Il appartiendra ensuite à l’expert désigné de se prononcer sur l’ensemble des préjudices allégués.
3/ Sur les frais
Aucune considération tirée de l’équité n’appelle à faire application des dispositions de l’article 700 du Code de procédure civile à ce stade de la procédure.
Monsieur [H] [D], demandeur, supportera les dépens de la présente instance.
PAR CES MOTIFS
Le juge des référés statuant après débats en audience publique, en premier ressort, par ordonnance contradictoire, prononcée par mise à disposition au greffe,
ORDONNE une mesure de consultation et commet pour y procéder :
Madame [E] [J]
— experte près la Cour d’appel de RIOM -
Demeurant [Adresse 1]
[Localité 5]
OU, A DEFAUT,
Monsieur [O] [B]
— expert près la Cour d’appel de RIOM -
Demeurant [Adresse 3]
[Localité 5]
Avec mission, en se conformant aux règles du Code de procédure civile, de :
1°) Se rendre sur les lieux situés [Adresse 11] à [Localité 6], en présence des parties et de leurs conseils juridiques ou techniques ou ceux-ci ayant été dûment convoqués ;
2°) Recueillir et consigner les explications des parties, prendre connaissance des documents de la cause, se faire remettre par les parties ou par des tiers tous autres documents utiles, et effectuer d’initiative toutes diligences ou vérifications lui paraissant nécessaires à la solution du litige ;
3°) Examiner l’ouvrage ;
4°) Rechercher et décrire les réserves non levées, désordres et défauts d’exécution, notamment tels que listés dans le rapport d’expertise définitif établi par le cabinet POLYEXPERT le 12 mai 2023 et dans le procès-verbal de constat dressé par Maître [K] en date du 31 juillet 2024 ;
5°) Indiquer les travaux de nature à y remédier ;
6°) Donner tous les éléments techniques et de fait permettant d’identifier l’origine des désordres, les responsabilités encourues, le coût des travaux de reprise, et le compte entre les parties ;
7°) Plus généralement, donner tous éléments pouvant apparaître utiles à la solution du litige.
DIT que le consultant commis pourra sur simple présentation de la présente ordonnance requérir la communication, soit par les parties, soit par des tiers de tous documents relatifs à cette affaire.
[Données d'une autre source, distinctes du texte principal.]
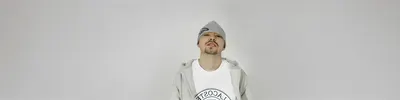 Artur-Ta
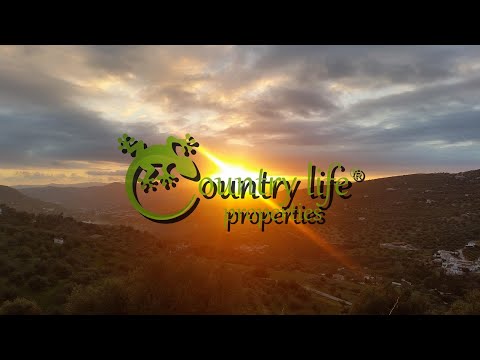 CASA JOAN-TORROX (369.000€)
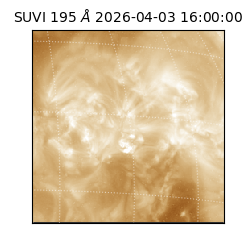 suvi - 2026-04-03T16:00:00.079000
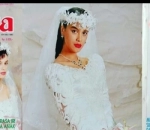 Jadi Pengantin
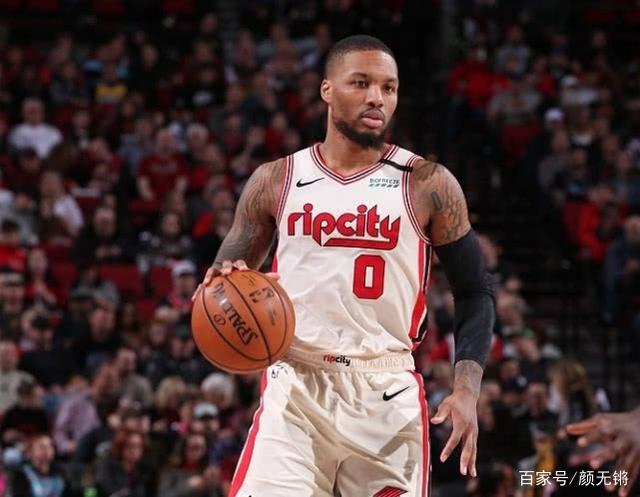 传递和伺机 传递和伺机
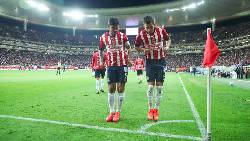 Soi kèo phạt góc Puebla vs Guadalajara, 10h10 ngày 11/3 Soi kèo phạt góc Puebla vs Guadalajara, 10h10 ngày 11/3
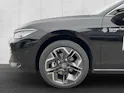 VW Passat Variant 2.0 TDI evo Elegance DSG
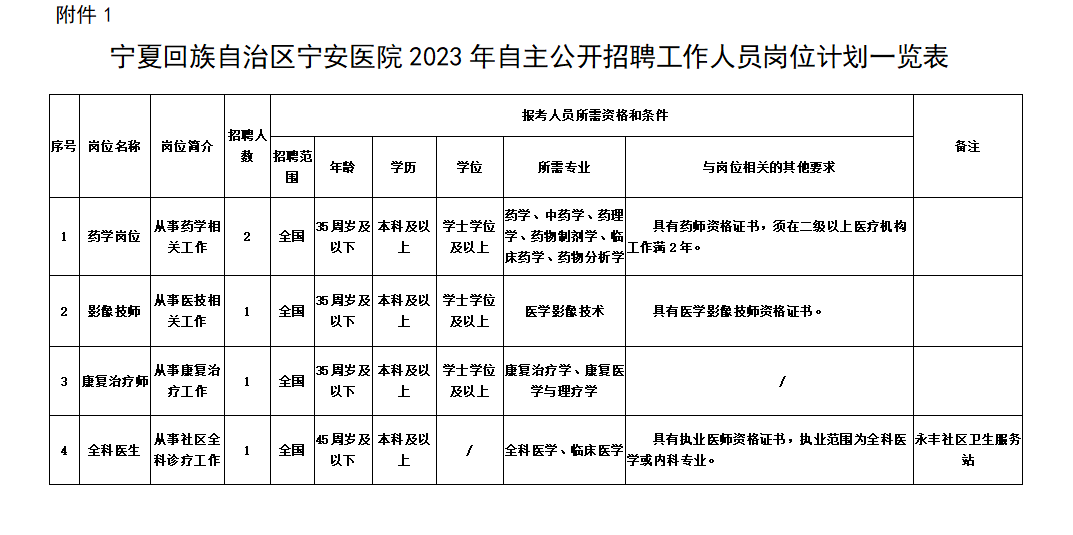 浏览器打开49图库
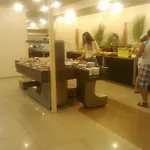 Hotel Club Bayar Alanya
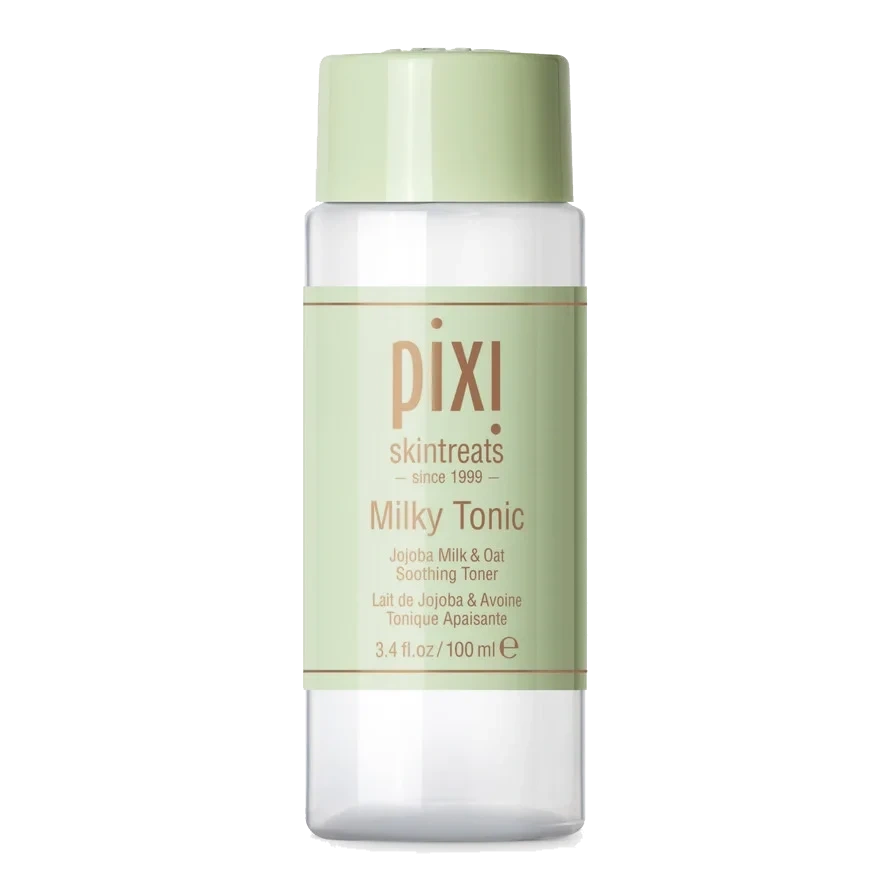 Pixi Milky Tonic 100 ml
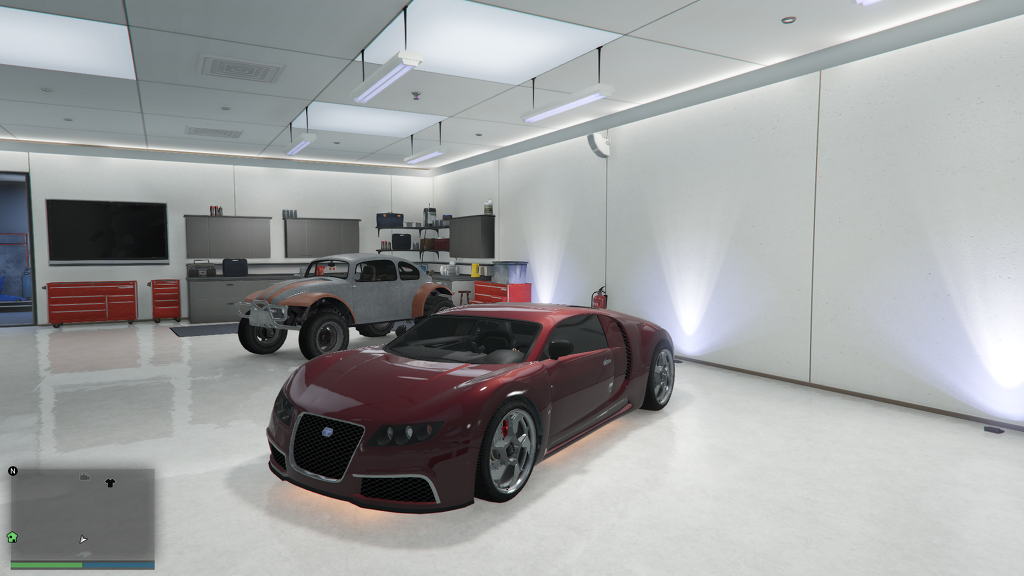 img/5/5/4/D/554DF10D442DF20001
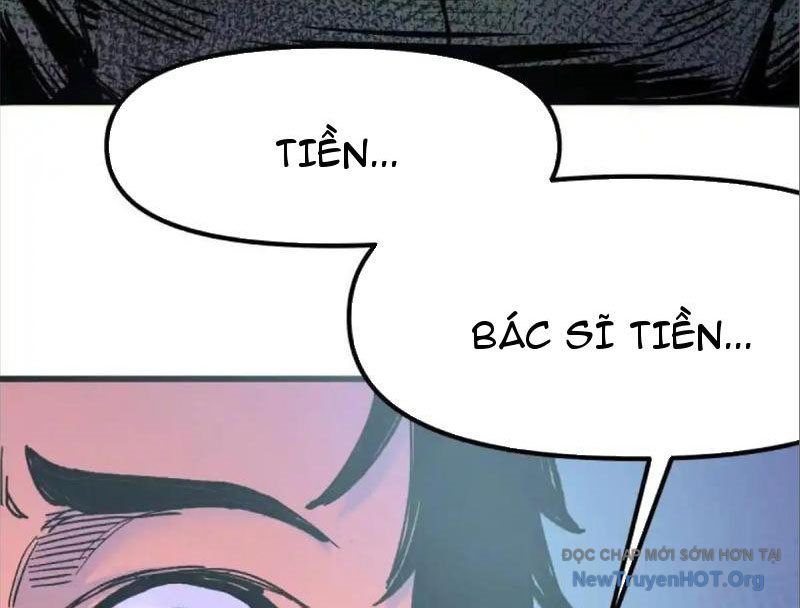 Hắc Vũ Giáng Lâm Chap 2 - Next Chap 3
DIT que le consultant commis, saisi par le greffe, devra accomplir sa mission en présence des parties ou elles dûment convoquées, étant précisé que celles-ci pourront faire état de leurs observations à l’occasion de cette unique réunion, sans obligation pour le consultant de répondre aux dires des parties,
DIT que le consultant commis devra déposer rapport de ses opérations avant le 1er août 2025 date de rigueur, sauf prorogation des opérations dûment autorisée par le juge sur demande du consultant,
DIT que monsieur [H] [D] fera l’avance des frais de consultation et devra consigner au greffe une provision de MILLE CINQ CENTS EUROS (1.500,00 €) TTC avant le 1er avril 2025,
RAPPELLE qu’à défaut de consignation dans le délai et selon les modalités imparties, la désignation du consultant sera caduque à moins que le juge, à la demande d’une des parties se prévalant d’un motif légitime, ne décide une prorogation du délai ou un relevé de la caducité,
DIT que le consultant devra commencer ses opérations de consultation dès qu’il sera averti que les parties ont consigné la provision mise à leur charge,
DIT que le magistrat spécialement désigné suivra le déroulement de cette mesure de consultation,
CONDAMNE in solidum madame [F] [D], monsieur [G] [D] et messieurs [A], [I] et [N] [C] à payer la somme de HUIT CENTS EUROS (800 €) à titre d’indemnité provisionnelle à monsieur [H] [D],
DIT n’y avoir lieu à référé sur toutes autres demandes,
DIT n’y avoir lieu à l’application des dispositions de l’article 700 du Code de procédure civile,
LAISSE les dépens à la charge de Monsieur [H] [D],
RAPPELLE que la présente décision est exécutoire à titre provisoire.